Despite its name, New Eagle actually is an old favorite with roots going back to the 1960s, when the Teruya family took over downtown’s former Eagles Cafe. After a location change in 1976, the restaurant settled in the Nimitz area in 1988.
New Eagle Cafe now sports a clean, modern look — with the nice, cozy booths that all good diners should have — and it offers another popular dish: Beef Liver ($13.50).
“I know people would think it’s not exactly “I know people would think it’s not exactly the most popular item,” says current owner Tae Im, “but we actually sell a lot of liver because we’re one of the few places that has it on the menu.”
The distinct flavor of liver is considered an acquired taste to some, but it’s also simply adored by others, especially those who grew up with it. Server Melani Midbrod draws similarities between New Eagle’s beef liver and steak, while others say it is reminiscent of meatloaf.
You can decide for yourself by trying the dish, which presents thin slices of liver grilled and topped with a tried-and-true serving of golden onions and a strip of bacon. In good diner fashion, hot vegetables come on the side, and customers may enjoy this specialty with white or brown rice, mashed potatoes or french fries.
Another plus to sampling liver? It is said to hold lots of nutrients that keep our brains healthy, such as vitamin B12.
New Eagle Cafe
1130 N. Nimitz Hwy., A-100, Honolulu
WAILANA COFFEE HOUSE
When on the hunt for liver and onions, I couldn’t help but indulge in the nostalgic aspect of the dish. When ordering it at Wailana Coffee House, that nostalgia starts from the moment anyone walks through the door.
Long fabled in Hawaii’s culture, the local diner was founded by the late Francis Tom in 1969, and the establishment’s retro feel still can be felt today. Wailana has hosted a number of local and worldwide celebrities over the years, and used to be one of Don Ho’s hangouts many moons ago. The restaurant also was featured on both the original “Hawaii Five-0” TV series and the current remake.

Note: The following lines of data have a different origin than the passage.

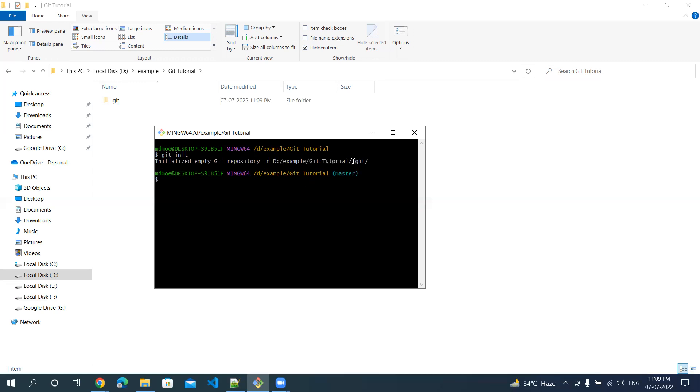The .git repository takes care of all the changes we are making in my repository. Any uncommitted changes will be tracked down in this particular folder.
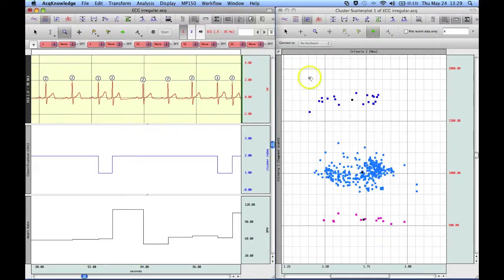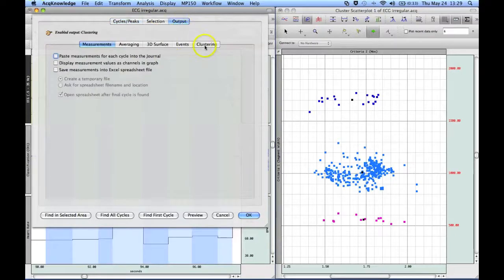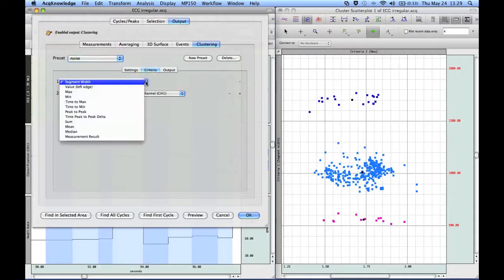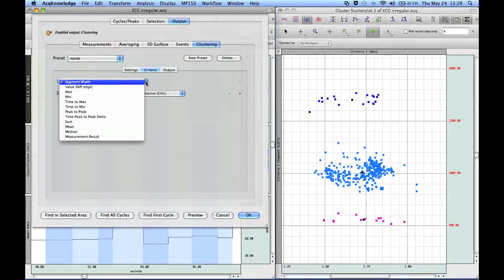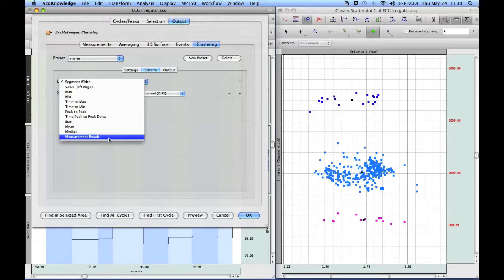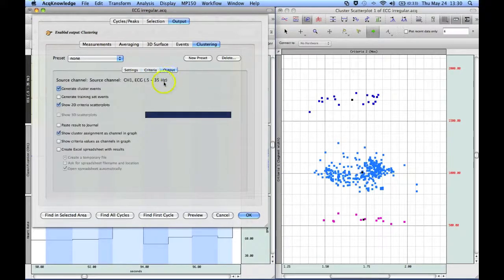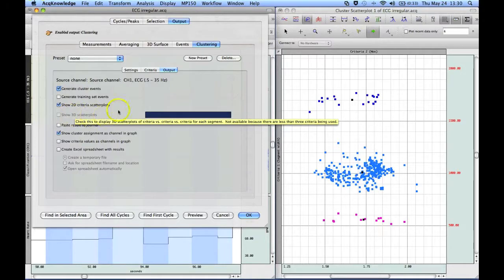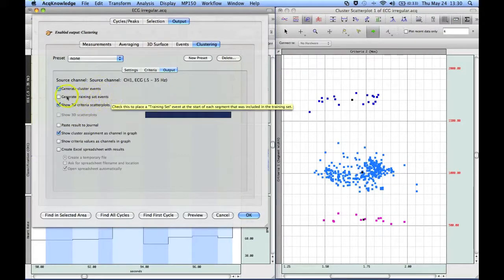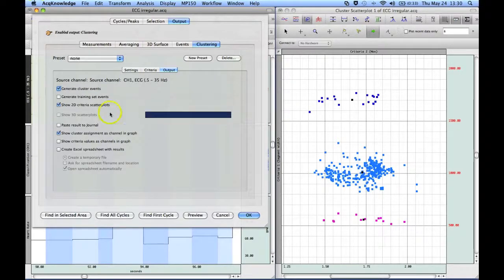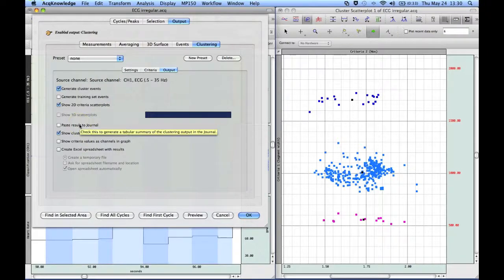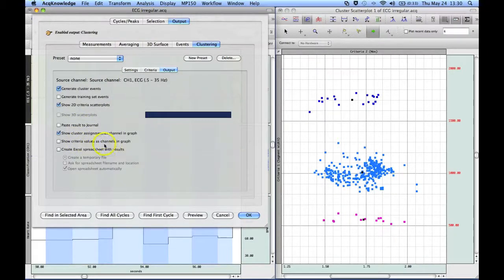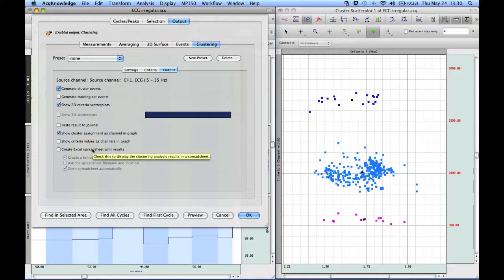And of course, you can use different criteria. If we go back into the detector and we go to our criteria, there's a whole subset of options you can use, including any measurements that you've got enabled in the software. So the ability to group them is really quite nice. And then your output. There are a number of additional options there. If you have three different criteria selected, you can do a 3D scatter plot. You can generate training sets of events so you can play around with the criteria for actually determining the groups. Paste your measurements down into the journal. Show the criteria values as channels in the graph. And then you can do the same with Excel as well.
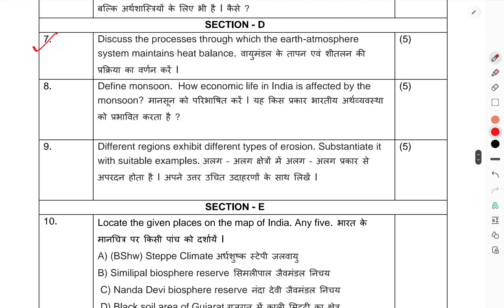Section D — long answer questions: Question 7 — Discuss the process through which the Earth-atmosphere system maintains heat balance. Question 8 — Define monsoon. How is the economic life in India affected by the monsoon? Question 9 — Different regions exhibit different types of erosion. Substantiate with suitable examples.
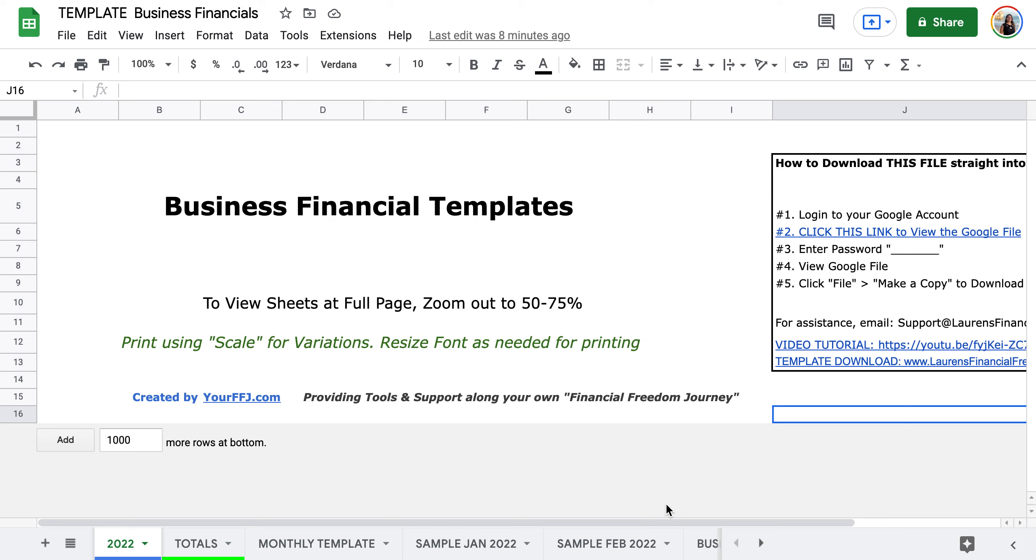Quick overview of the business financial templates. There's also a longer video made that's a tutorial with all of the how-tos in it. So this one just goes over what's in this template.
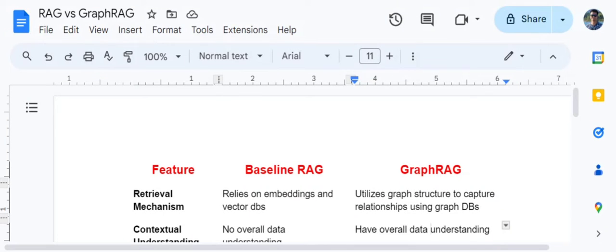Hi everyone. Today in this particular video we will be talking about how RAG and Graph RAG differ from each other depending upon different criteria — performance, scalability, cost, etc. We will be trying to analyze these two approaches and come to a conclusion about which one should be used when.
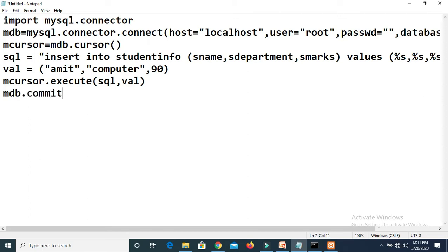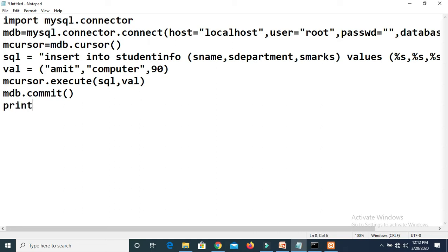Since we are making changes to the content of the table, after calling the execute method we have to call one more function to store recent changes — that function is the commit function. You always call the commit function using the connection object, so here the connection object is mdb. Using mdb, call commit. The purpose of commit is to store recent changes in the table. If you forget to call commit, these changes will not be reflected in the table, so it is compulsory for the programmer to call commit when changing the content of the table.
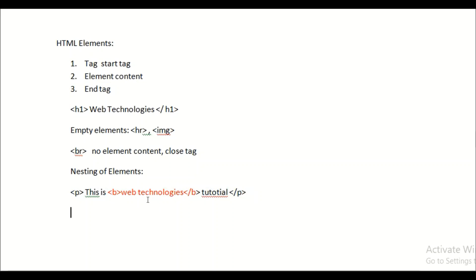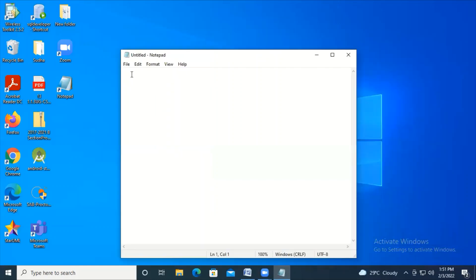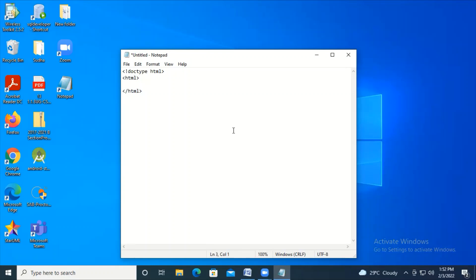Now let me give you a demonstration of everything I've explained. I'm opening Notepad. Inside Notepad, the document type is HTML. I write the html opening and closing tags. This entire html tag with content in between is one HTML element. Inside the html element I'm giving the body element.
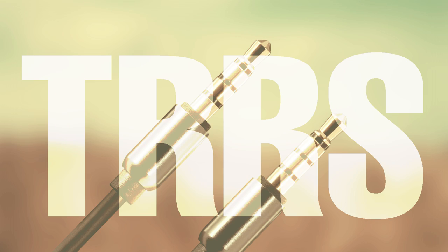TRRS (tip, ring, ring, sleeve) is a type of connector used for split keyboards like the Ergodox and the LetSplit, allowing the two halves to talk to each other and the microcontroller.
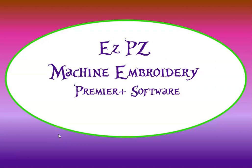This is Peggy with Easy Peasy Machine Embroidery, and today we are going to be in the Premier Plus 2 software, specifically the Ultra version, and we are going to be using the Create module to create a simple logo.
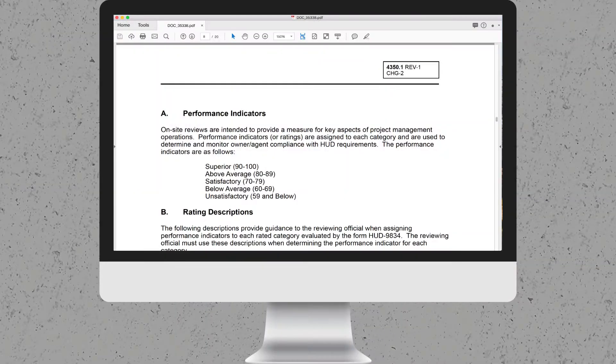Hi, and welcome to our final session of the Preparing for Your M.O.R. series. We will conclude by looking at HUD's rating descriptions. The rating descriptions can be found in HUD Handbook 4350.1, Chapter 6. For brevity, we will highlight the descriptions, but I encourage you to read the full remaining general description. HUD describes the ratings as follows.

While soaking up the diner’s rich history, we can all savor its cozy comfort food, which is just as iconic. Tender Beef Liver Dish ($13.95) is known to melt in your mouth and comes with the daily hot vegetable and a starch, not to mention a choice of the fresh salad bar, homemade soup of the day or fruit cocktail.
Since liver is a mineral-rich food and a good source of copper and iron, it has a unique, slightly metallic taste. At Wailana, the perfect mix of seasoning, flour and grilling helps to balance out those natural flavors, as do the onions and bacon rasher served on top.
At the 24-hour restaurant, the friendly waitstaff — always clad in vintage-style aloha wear — are just as recognizable as the food, and many of them call the liver dish one of their must-haves. Server Juliet Acosta says the entree continues to be popular among returning customers as well, noting one guest in particular who comes in every month to get her fix of Wailana’s liver.